Les pays occidentaux commencent à réaliser qu’ils ont perdu tout accès direct à des dizaines de minéraux rares indispensables aux technologies de la transition énergétique que ce soit les énergies renouvelables, le stockage de l’énergie et l’électrification. Mais pour le magazine Forbes, nos pays sont loin de mesurer encore les conséquences pour la maitrise de leur avenir énergétique et leur indépendance de cette situation. Après avoir pendant des décennies cherché à échapper à la dépendance pétrolière et au cartel de l’Opep, via le programme nucléaire ou en multipliant les sources d’approvisionnement en pétrole, nous perdons à nouveau notre indépendance. Et d’ores et déjà, cela suscite des doutes sur l’indispensable baisse des coûts dans l’avenir des énergies renouvelables et des batteries des véhicules électriques.
il n’existe pas aujourd’hui de définition unique de ce que constitue un «minéral rare». A priori, on parle surtout d’une série de métaux dont la production ne dépasse pas 100.000 tonnes par an sur le plan mondial. Parmi ces métaux figure une sous-catégorie qualifiée de «terres rares» qui réunit en son sein 14 métaux. Leur production s’avère particulièrement faible mais certaines filières comme celles des moteurs électriques, des batteries, des panneaux solaires ne peuvent s’en passer.
«La prise de conscience par les Etats-Unis et par les pays de l’OCDE est en général très lente. Nous sommes dans une position très difficile», expliquait Michelle Michot Foss, spécialiste de l’énergie et des minéraux du Baker Institute de la Rice University, lors d’une conférence sur la transition énergétique. Le problème principal tient au fait que les 36 pays développés de l’OCDE dont la France ont peu à peu abandonné toute activité minière.
A la merci du bon vouloir de Beijing
Nous sous-traitons les activités minières parce ce qu’elles endommagent l’environnement, nécessitent des investissements importants et leur rentabilité est souvent aléatoire et soumise aux fluctuations de la conjoncture mondiale. «Nous sommes très réticents face aux activités minières et au traitement des minéraux dans nos pays», résume Michelle Michot Foss. On peut y ajouter que nous avons tendance maintenant à perdre le savoir faire dans ce domaine car les universités, les écoles d’ingénieurs et les entreprises s’y intéressent de moins en moins.

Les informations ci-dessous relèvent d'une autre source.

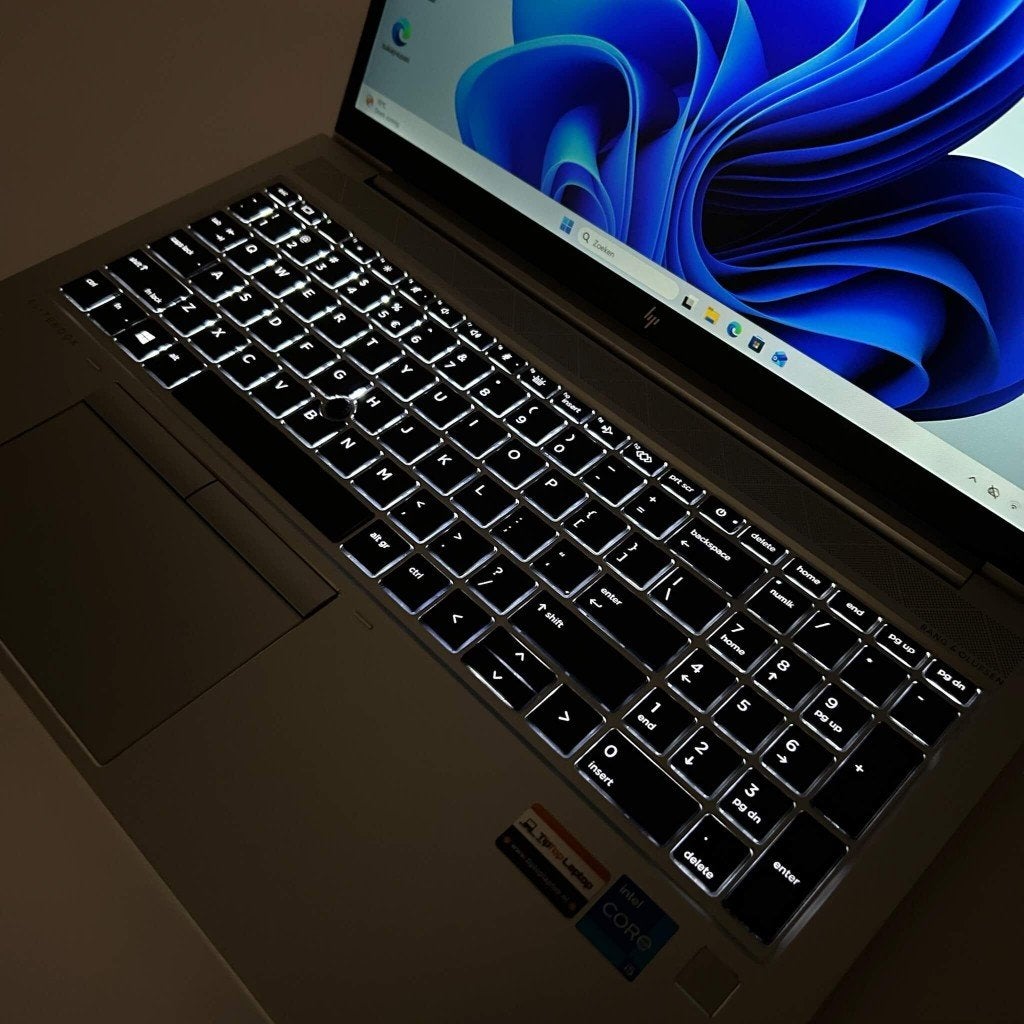HP EliteBook 850 G8 | Core i5-1135G7 | 512GB SSD | 16GB RAM, 9743AL, Tiptoplaptop, HP >, Refurbished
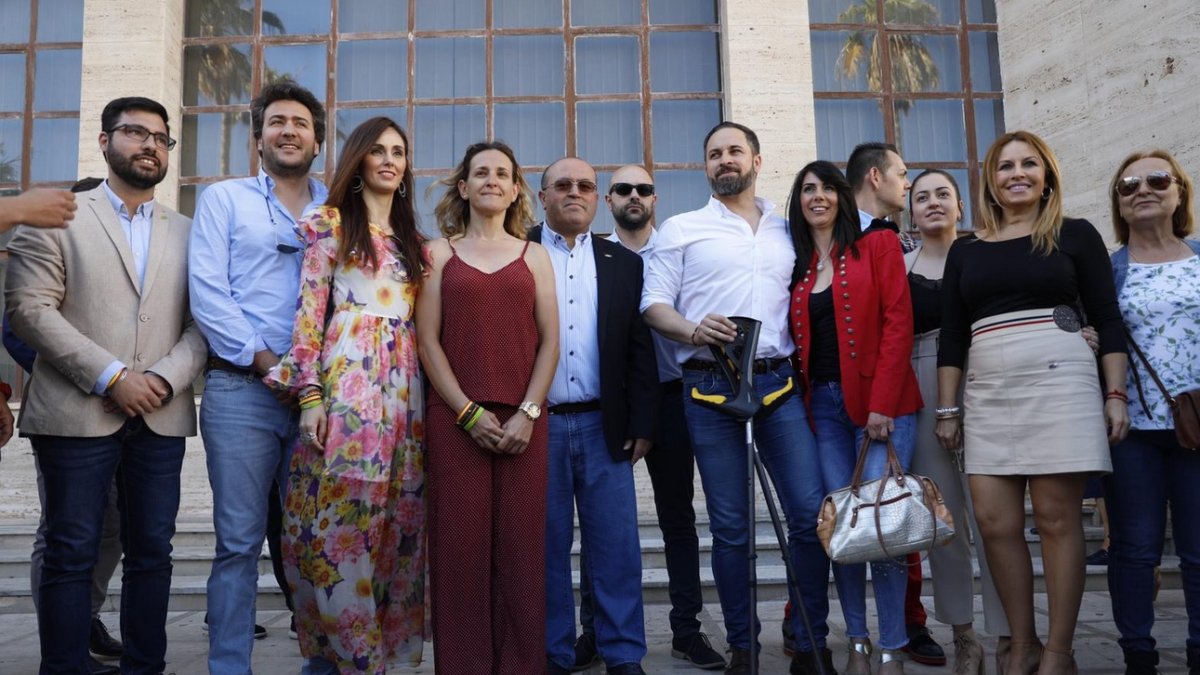 Santiago Abascal, con los ediles de El Ejido.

Conséquence de tout cela, nous sommes à la merci du bon vouloir de la Chine. «Peu importe la façon dont vous abordez le problème, la Chine domine les minerais et leur chaîne d’approvisionnement. Ils sont très agressifs dans le contrôle de la propriété intellectuelle et dans le contrôle des investissements dans les capacités industrielles», explique Michelle Michot Foss.
Selon un rapport rendu public en mai dernier par Foreign Policy, la Chine contrôle 80% de l’approvisionnement en terres rares dont 94% du gallium, 70% du graphite, 59% du lithium, 56% du vanadium…
Pour Felix K. Chang du Foreign Policy Research Institute, la Chine se donne ainsi les moyens de faire de son contrôle sur les minéraux rares une arme économique et politique et il serait naïf de ne pas croire que Beijing ne va pas l’utiliser un jour. «A tout moment, la Chine peut limiter ou même décréter un embargo sur ses exportations de métal», souligne Félix K. Chang.
Les politiques et les décideurs économiques doivent réaliser affirme Michelle Michot Foss que la baisse des coûts des énergies renouvelables et des batteries est un élément essentiel de l’équation déjà difficile de la transition énergétique. Et cette baisse de coût est aujourd’hui à la merci d’une chaîne logistique contrôlée en partie par la Chine dont les intérêts ne sont pas forcément compatibles avec les nôtres. On voit déjà la menace que représente pour l’industrie automobile européenne et française l’absence de tout contrôle sur les batteries, l’élément essentiel des véhicules électriques.